Rell shifted in his seat, he waited most of his twenty-five years for his father to be vulnerable with him.

“Your granddaddy left Alabama in 1956 with the Klan on his heels. He was right about your age. He had a job in an iron factory. He worked on the line for two years. The best there ever was if you let him it. One day, he was told he was the new iron pourer on account of John Gibson getting hurt on the job. Being iron pourer meant he would make an extra $10 a week. It was considered a white man’s job around the plant.

“Well, payday came that week and his check was short ten dollars. He went to the head man and asked about his pay raise. The head man looked at him and laughed, told him that niggers don’t get pay raises. Your granddaddy told me that he was a stowaway on a train North before that man hit the ground.”

Edward pulled out a chair at the table but didn’t sit. Instead, he moved further away from his son. Tyrell took this to signal the end of the conversation, the end of his father’s vulnerability.

“He threw a few things in a pillowcase and took all the money he had, about $80, and took off. He made it all the way to Petersburg, VA before anyone saw him. They threw him off the train and he picked up some work here and there. Nothing too serious, nothing that allowed him to plant his feet. He always said he felt Jim Crow didn’t allow him to be the man he was born to be. So, he took off again, spent some time in West Virginia, and eventually, he landed in Baltimore. That’s where he met my mother.  That was ‘65, ‘66, she was a sophomore at Morgan State, and he was working in the cafeteria.”

“Wait, that would make him like 35?”

“At least. He never really knew what year he was born. He didn’t really have much schooling either. Everything he learned was on account of having seen it done first.”

“So, he couldn’t read?”

“I guess he knew his name, a few other words here and there, but definitely ‘Whites Only’.”

Tyrell started to ask a question but the reality of being illiterate in the Jim Crow South settled in his chest.

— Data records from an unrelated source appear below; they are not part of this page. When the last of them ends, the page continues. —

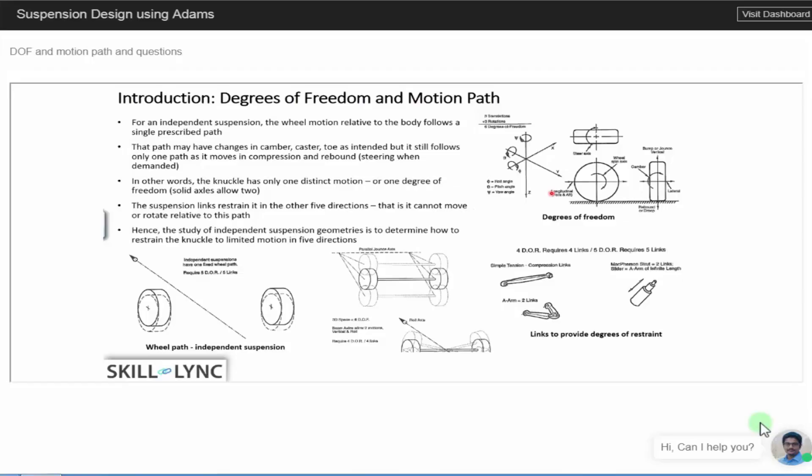Now, let's talk about degrees of freedom here. Degrees of freedom in general tell how a body can actually move. If you take a solid body in general, it has six degrees of freedom.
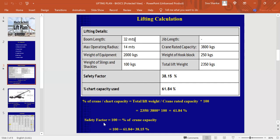To calculate the safety factor, it should be subtracted from 100. So, 100 minus 61.84, we are having 38.15 percentage of the safety factor, which is quite good. This is how we have to calculate a lifting plan. This is a basic lifting plan. It can be applied anywhere.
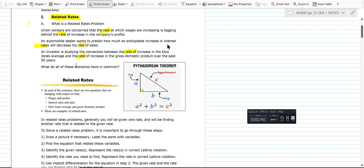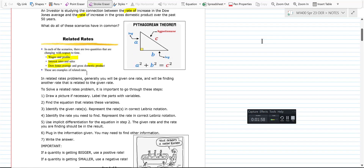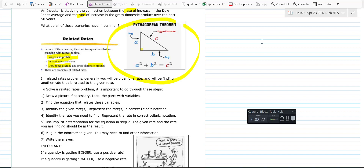In the first scenario you had two rates: wages and profits. In the second, interest rates and sales rates. In the third, the Dow Jones average and gross domestic product. In this course we do a lot of non-business things first, because I think it's the best way to understand related rates. We keep it a little more straightforward in Survey of Calculus than in Calc 1. One thing that will pop up over and over in this section is the Pythagorean theorem.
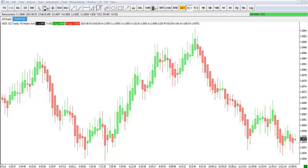Hey, what's up everyone? Trader Tim from eminimind.com. I hope you all had a great weekend. Today is Monday, August 3rd, 2015, and today we're going to take a look at setting up and using Heikin-Ashi candlestick charts along with a 512 tick chart on the euro futures. Now this can be used across all markets, but for today's example I want to show you how I use the 512 tick chart in conjunction with the Heikin-Ashi candlestick study for day trading the futures markets.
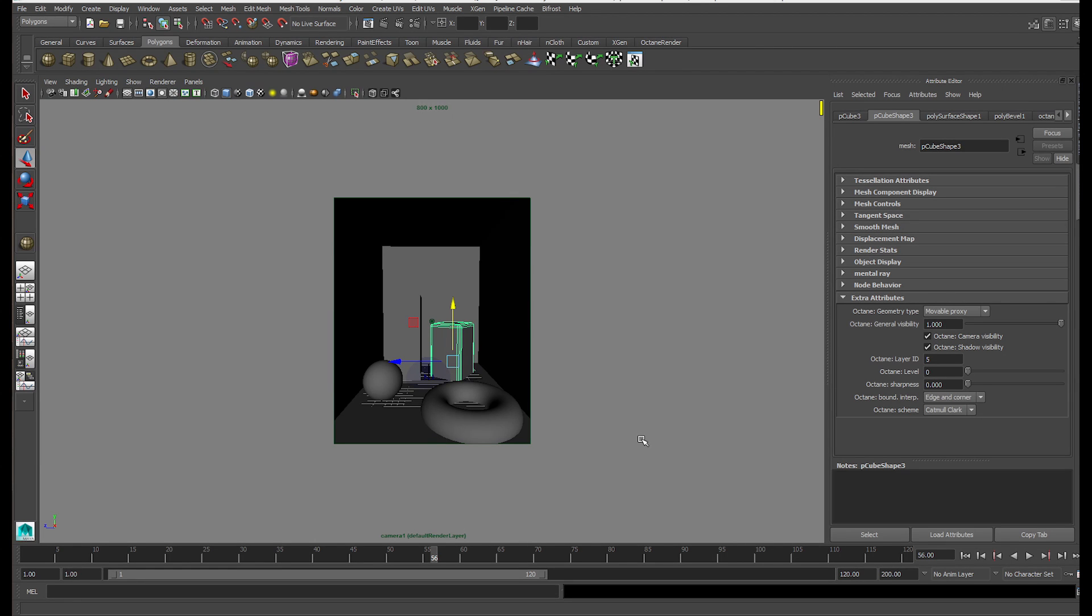G'day guys, EmTintam here. Today we're going to go through the render layers and the render passes within the Maya plugin of Octane. Here I have the standard scene, I think it's called the Cornell box scene but custom made, which has a variety of different lighting materials, no textures, just materials.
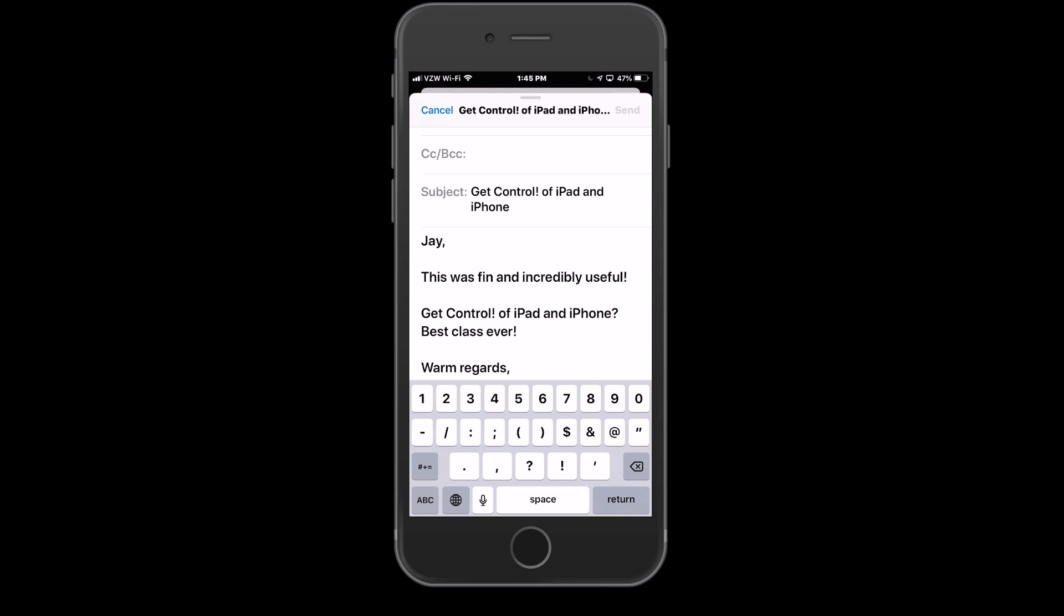Hey, you went to a great class and you want to tell everybody all about it, and you type in... uh-oh, you made a mistake here. This was thin instead of this was fun.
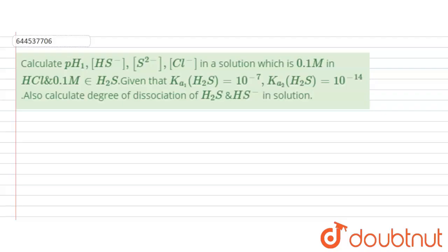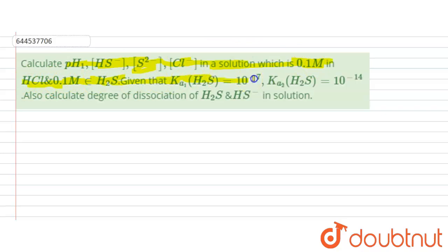Hello everyone. Let's see this question. We are given: calculate the pH and HS⁻ concentration in a solution containing 0.1 molar HCl and 0.1 molar H₂S, given that Ka1 of H₂S is 10⁻⁷ and Ka2 is 10⁻¹⁴. Also calculate the degree of dissociation of H₂S and HS⁻.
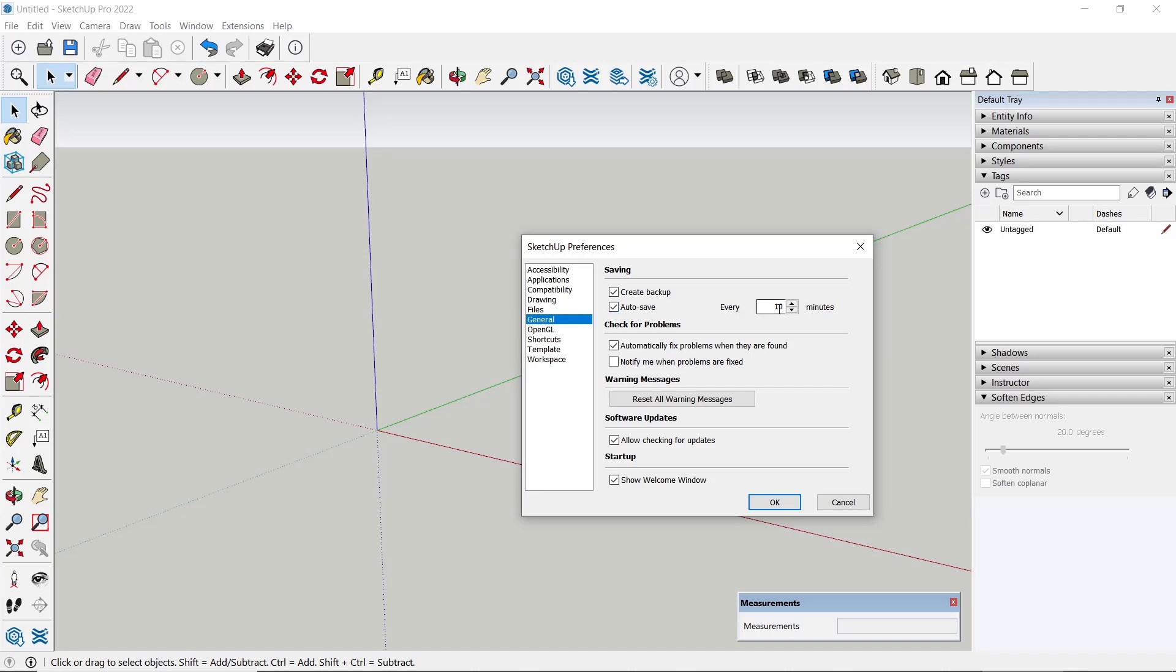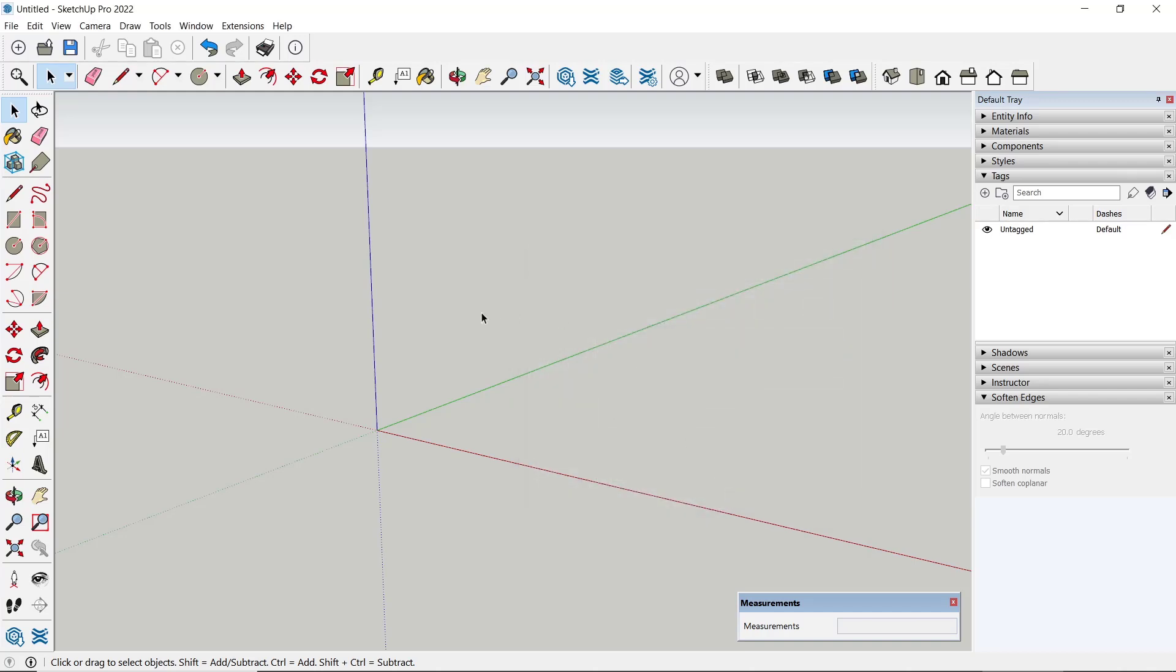Every 10 minutes. If you want to change, you can click here and I will set it like five minutes. Now you can click OK so the drawing will be automatically saving every five minutes.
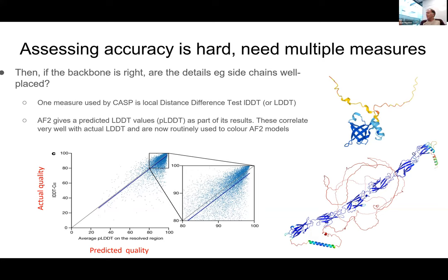If you were given a target in the competition with a big region that's intrinsically disordered, what are you trying to guess? Well, most structures are crystal or cryo, not NMR. In a crystal or cryo structure you would only see the chunky folded domains — the disordered regions would be invisible in a cryo structure, or actually engineered off to make the thing crystallize. So they wouldn't be part of the CASP target.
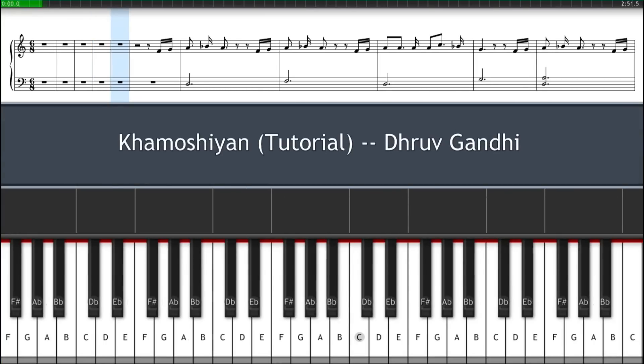Hey guys, this is Dhruv. Today we are going to learn the song Khamushiya.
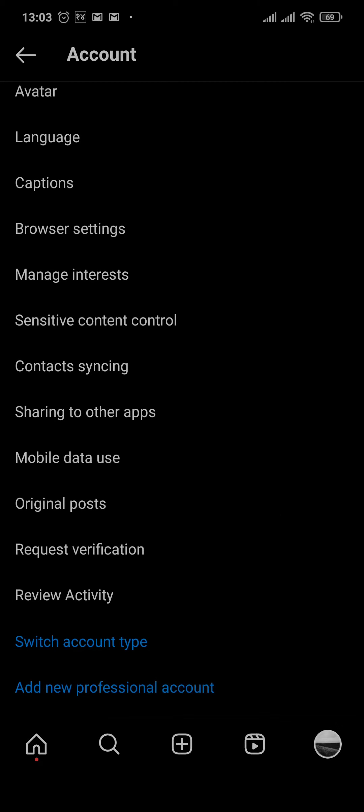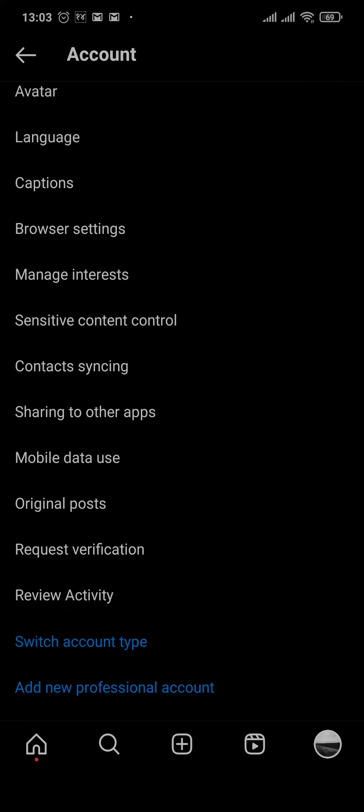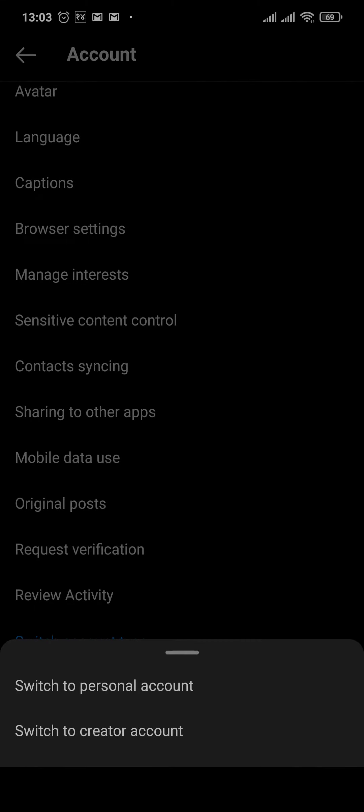You'll have an option for Switch Account Type. Now, if you want to remove a professional account on Instagram, all you need to do is switch your account type. Tap on this option and tap on Switch to Personal Account.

“He said it was love at first sight for him, but it took Mama two years to see him looking. He gave her extra mashed potatoes, yams, potato salad, whatever he was serving. He said she needed some meat on her bones to be his woman, but she’ll tell you he was trying to get her attention.”

“For two years?”

“Well, he was married?”


“Yes sir. He left a wife in Alabama, met another in Virginia, and left her in Maryland when he came chasing after my mama. Left a trail of kids from Birmingham to Philadelphia.”

“It doesn’t seem like he was a good man, Pops?”

“Ain’t for me to say, son. He was my father and he did the best he could with what he knew. And that wasn’t too much.”

Edward grabbed his pan of chicken and headed out the back door to his grill. Tyrell remembered his question but decided it may be best unanswered. The pile of books in front of him could never teach him what he just learned about life.